Peter Feuerherd
Legatus may be the most exclusive Catholic organization this side of the College of Cardinals.

Started by Domino Pizza mogul Tom Monaghan in 1987, Legatus is open only to Catholics who are the owners or chief executive officers of their companies. Its nationwide membership is slightly more than 300, including the spouses of members.

The guiding philosophy is that even bosses (some would say, particularly bosses) need spiritual guidance as they guide companies through difficult economic and moral shoals.

"The mission has remained the same," Jim Berlucchi, executive director of Legatus, told the Register from the group's Ann Arbor, Mich., headquarters.

Legatus members dedicate themselves to "studying, living and spreading the Catholic faith," said Berlucchi. But, he emphasized, that doesn't mean that Legatus members are proselytizers. They're business people, both men and women, dedicated to living their faith in the world.

"Most of our members are entrepreneurs," says Berlucchi, noting that they most often run medium-sized firms with 50-70 employees.

Berlucchi, who took over the reins at Legatus three years ago after a career with the Fellowship of Christian Athletes and other nondenominational Christian organizations, was hired by Monaghan and the other members of the Legatus board. Monaghan, the chairman of the Legatus board, has made Ann Arbor the home base of Domino's. He is also the former owner of the Detroit Tigers baseball team.

Monthly chapter meetings are the staple of the group's organization. Chapters have sprung up in the Detroit area, as well as in Philadelphia, New York City, San Francisco, Toronto, Newark, N.Y., and Orlando, Fla. Expansion plans call for Legatus to establish chapters in St. Louis, Cincinnati and Los Angeles, among other places.

The idea for Legatus came after Monaghan had an audience with Pope John Paul II. The first meeting of the organization was held in Honduras, where Monaghan, who was raised by nuns in a Michigan orphanage and has become famous for his fervent Catholic faith, has charitable interests.

Membership requirements include a stipulation that Legatus members must be Catholics in good standing and be in charge of firms with 50 or more employees.

At the beginning of monthly meetings, members are frequently offered the opportunity for confession, which is followed by Mass, dinner and a speaker.

Legatus members are brought together, said Berlucchi, by "a set of responsibilities and challenges." It is, he said, a "peer-to-peer ministry," in which lay people in responsible positions can discover how their Catholicism can make a real difference in their lives.

The vision is based on Vatican II's emphasis on the lay calling as one which should be focused on bringing Gospel values into the marketplace.

Besides the personal support of those in similar circumstances, Legatus members also learn about the Church's social teaching and how that can affect their business practices. Another important component is to help members improve their marriages and family life.

"Our members are extremely busy," said Berlucchi, noting the demands frequently placed on the time of executives. As a result, meetings have to be productive. Legatus, he said, brings "faith, family and business concerns into one package."

Legatus chapter meetings include, he noted, discussion on the role of labor unions in business and how enterprises can incorporate Church teaching on the rights of labor into their business policies.

One publication put out by Legatus, for example, describes the most appropriate way to fire an employee, keeping in mind the importance of "upholding the dignity of the individual."

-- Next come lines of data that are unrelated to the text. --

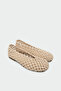 Tayon Knitted Detailed Genuine Leather Tan Women's Flat Ballerinas - 2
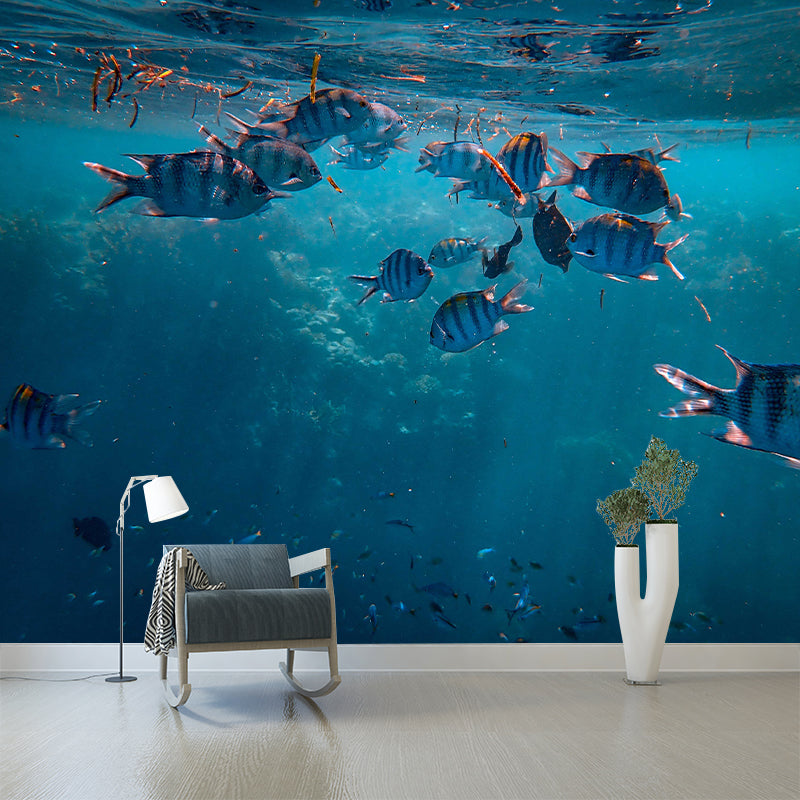 Undersea Photography Mildew Resistant Wallpaper Living Room Wall Mural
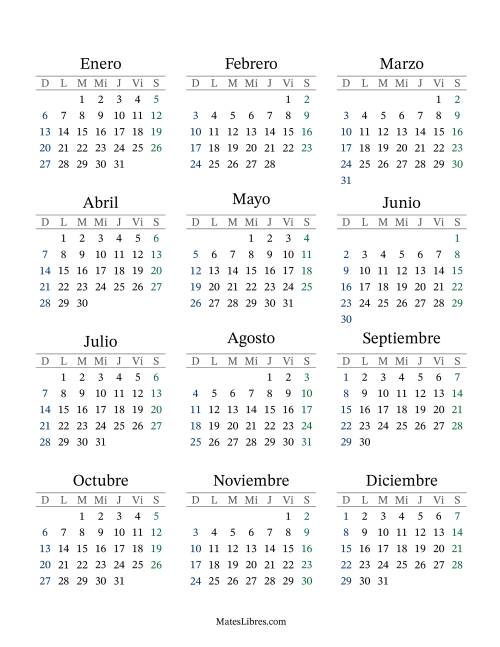 La hoja de ejercicios de (Título Rellenable) Calendario General Anual con el 1 de enero que cae en Martes (Formato de Domingo a Sábado) (Martes)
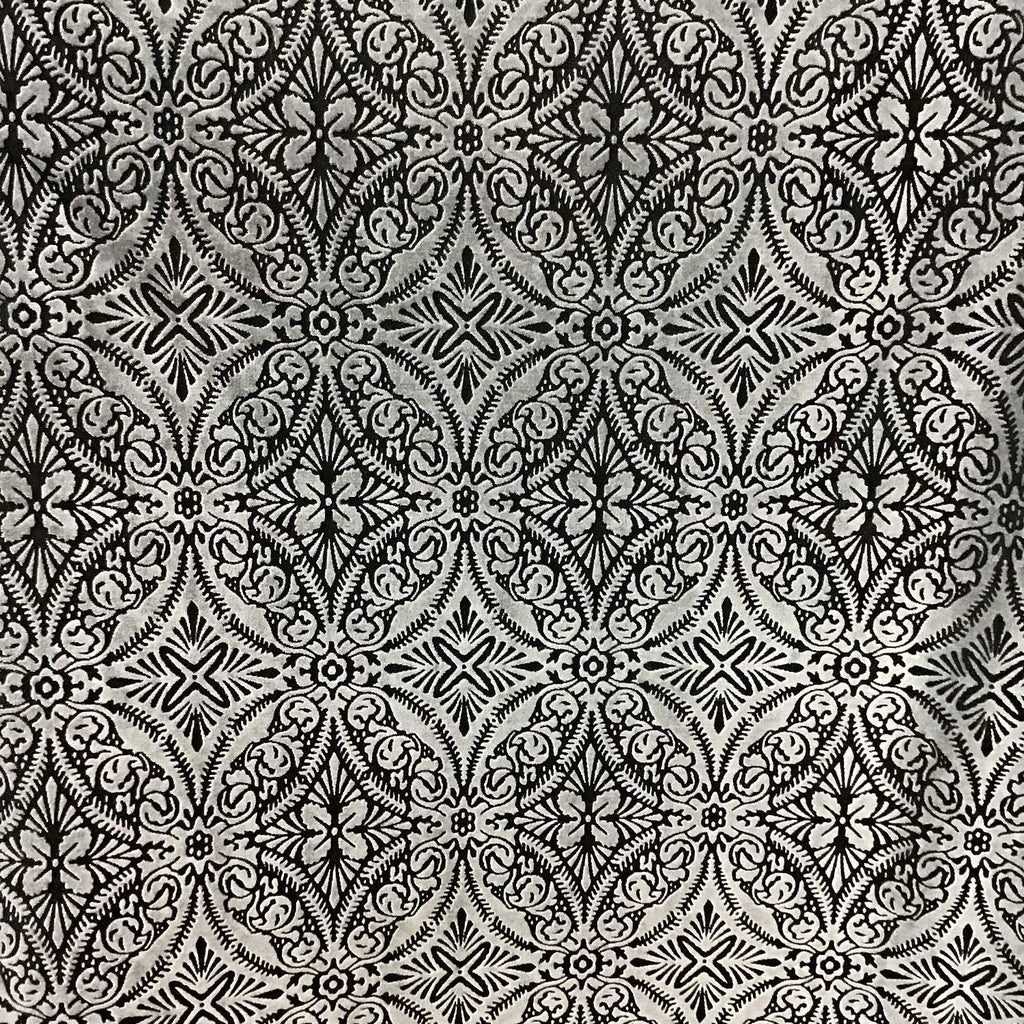 Black Motif Stretch Burnout Velvet Fabric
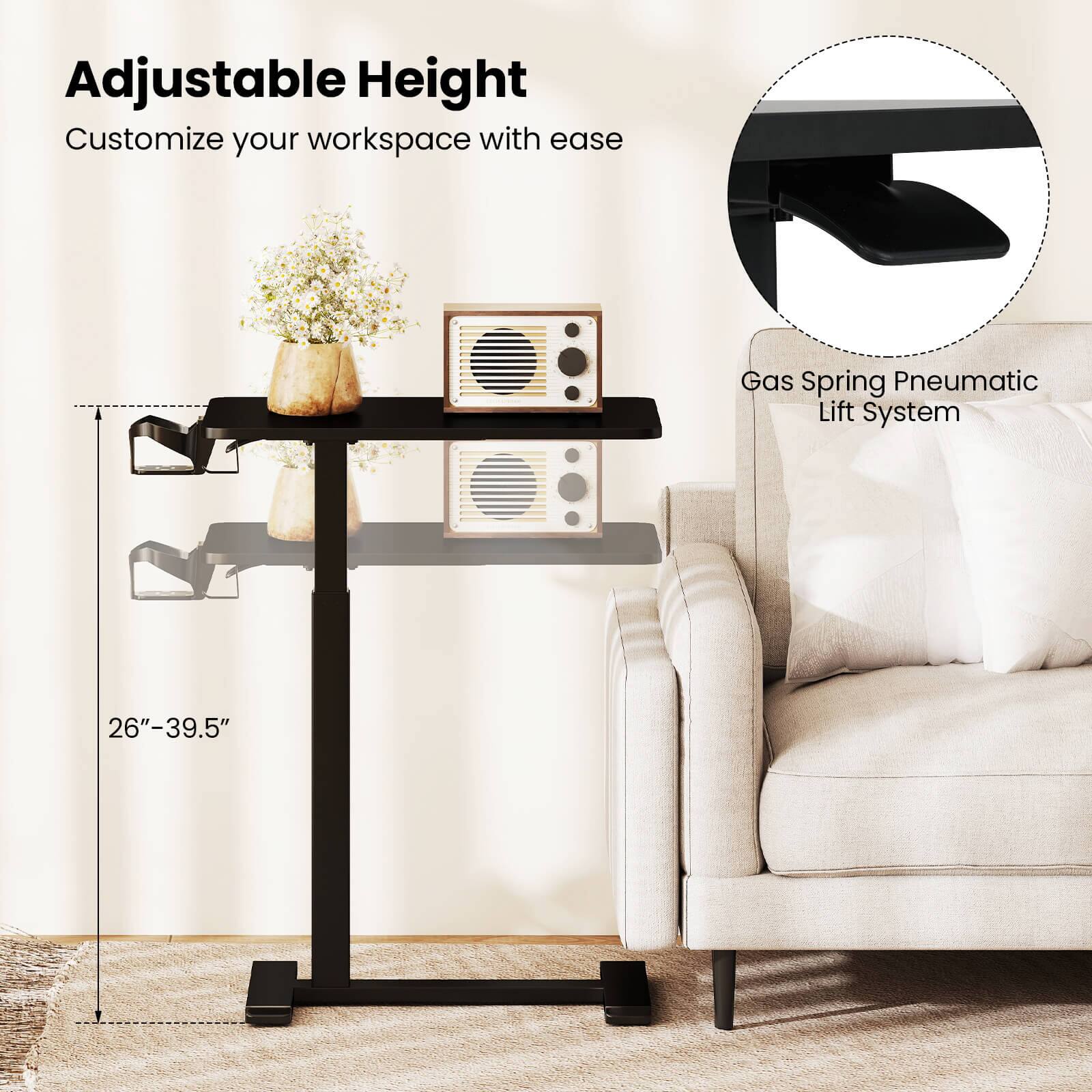 Adjustable Height  
Customize your workspace with ease  

Gas Spring Pneumatic Lift System  

26"–39.5"
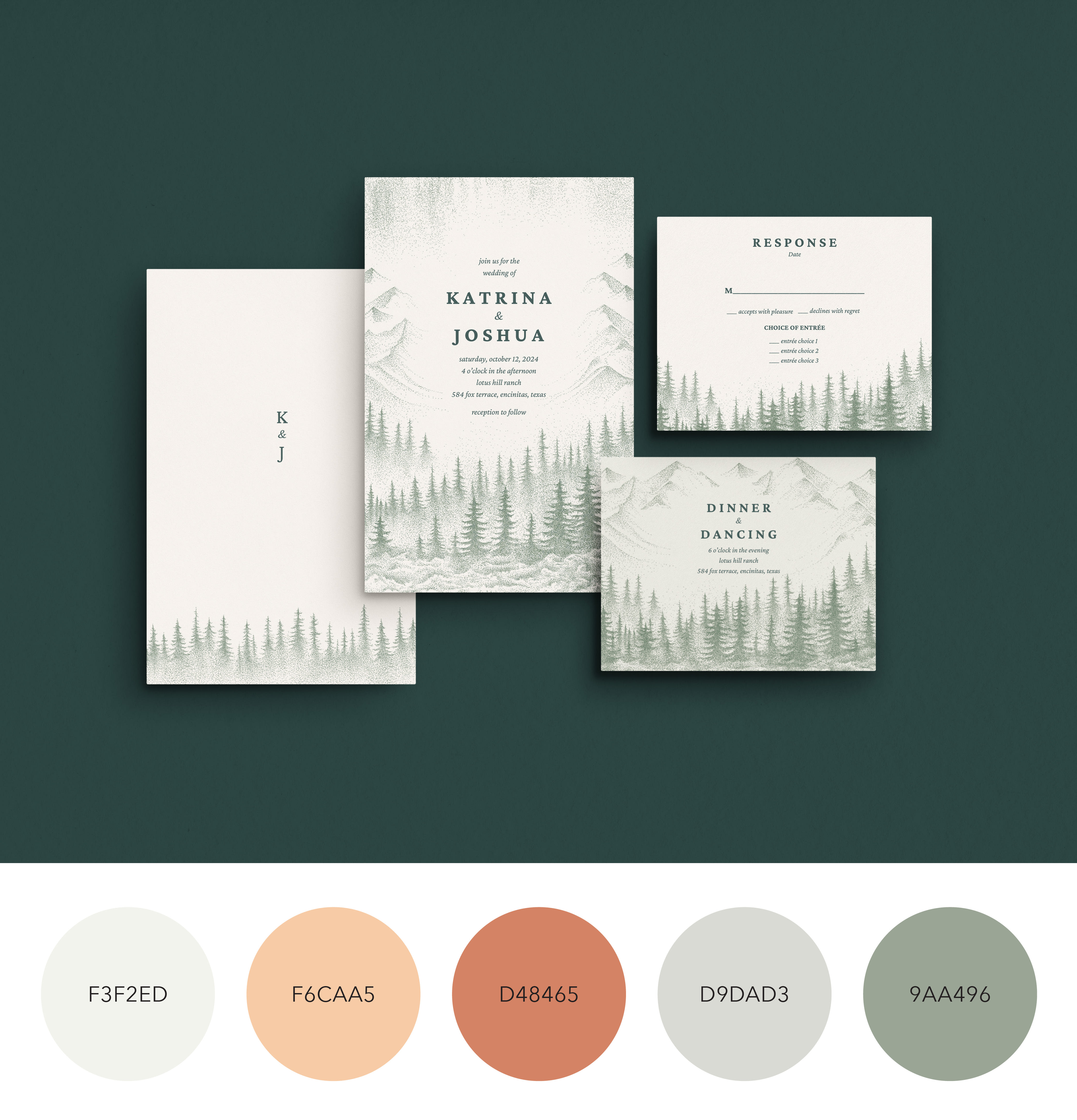 A color palette for a destination wedding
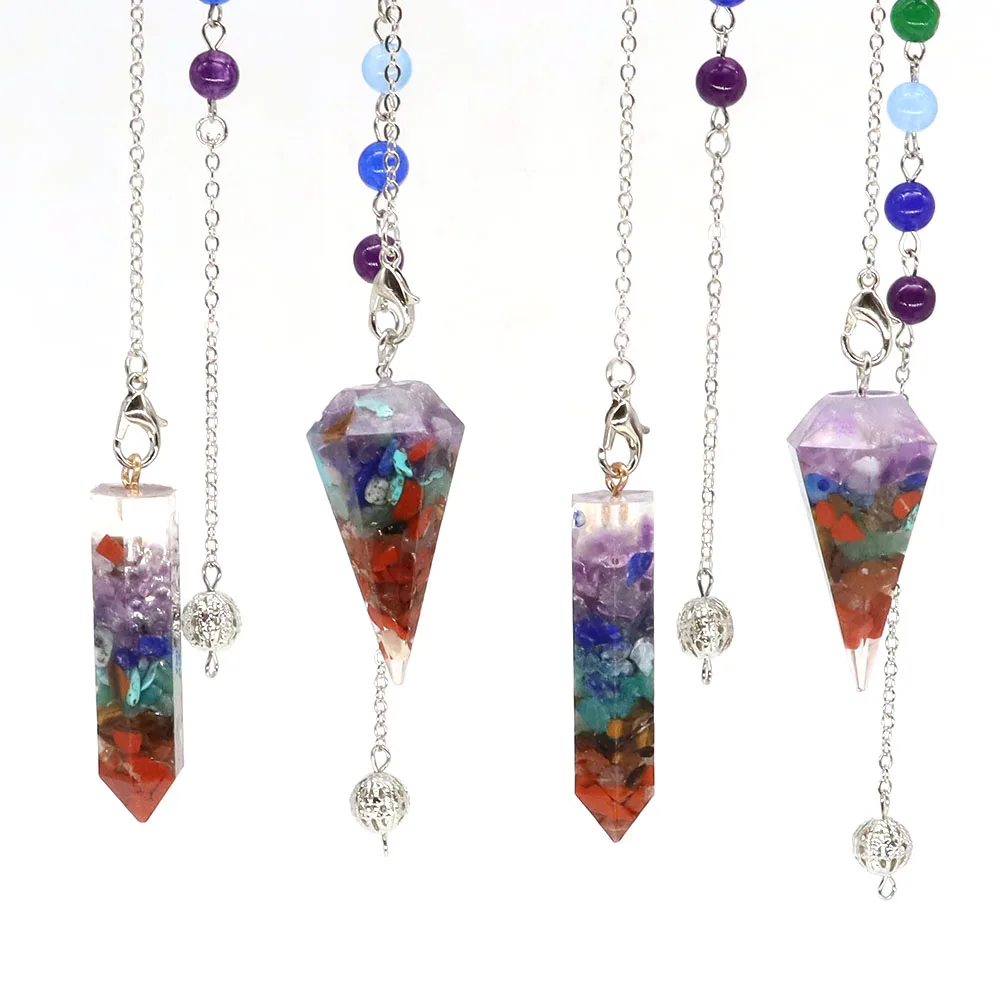 

Resin Pendulum for Dowsing Divination Natural Quartz Gravel Stones Chain Reiki Healing Necklace Pendant Jewelry Hexagonal Column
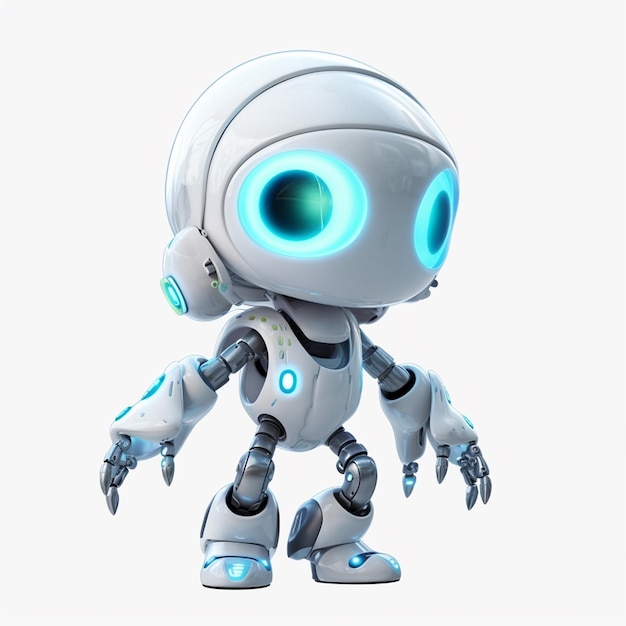 A robot with blue eyes and a blue light on its face is walking.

A special concern is family life.

"Most of our members are successful and relatively prosperous. Many are concerned that their children are not spoiled," said Berlucchi. A recent Detroit chapter meeting included a panel discussion by the adult children of members sharing their insights about how they were raised.

To keep the spiritual aspects of Legatus in the forefront, the group has developed a history of cautioning members about what Legatus is not.

"It's not a clique for movers and shakers," said Berlucchi, who noted that business networking at meetings is discouraged. Such opportunities, while legitimate, are best met by other organizations, he stated.

It is also not a forum for Catholic organizations seeking donations from the well-heeled. Collections for causes are not taken up at Legatus meetings. According to Berlucchi, most members are already involved in other Catholic fundraising efforts, with many holding responsible positions in their home diocese on the boards of bishops' and Catholic Charities fund-raising drives.

While the group's membership may be exclusive, the goals of its members are the same as those pursued by millions of other Catholics around the world.

Members, said Berlucchi, "are people who take their faith seriously."

Peter Feuerherd is the Register's national affairs correspondent.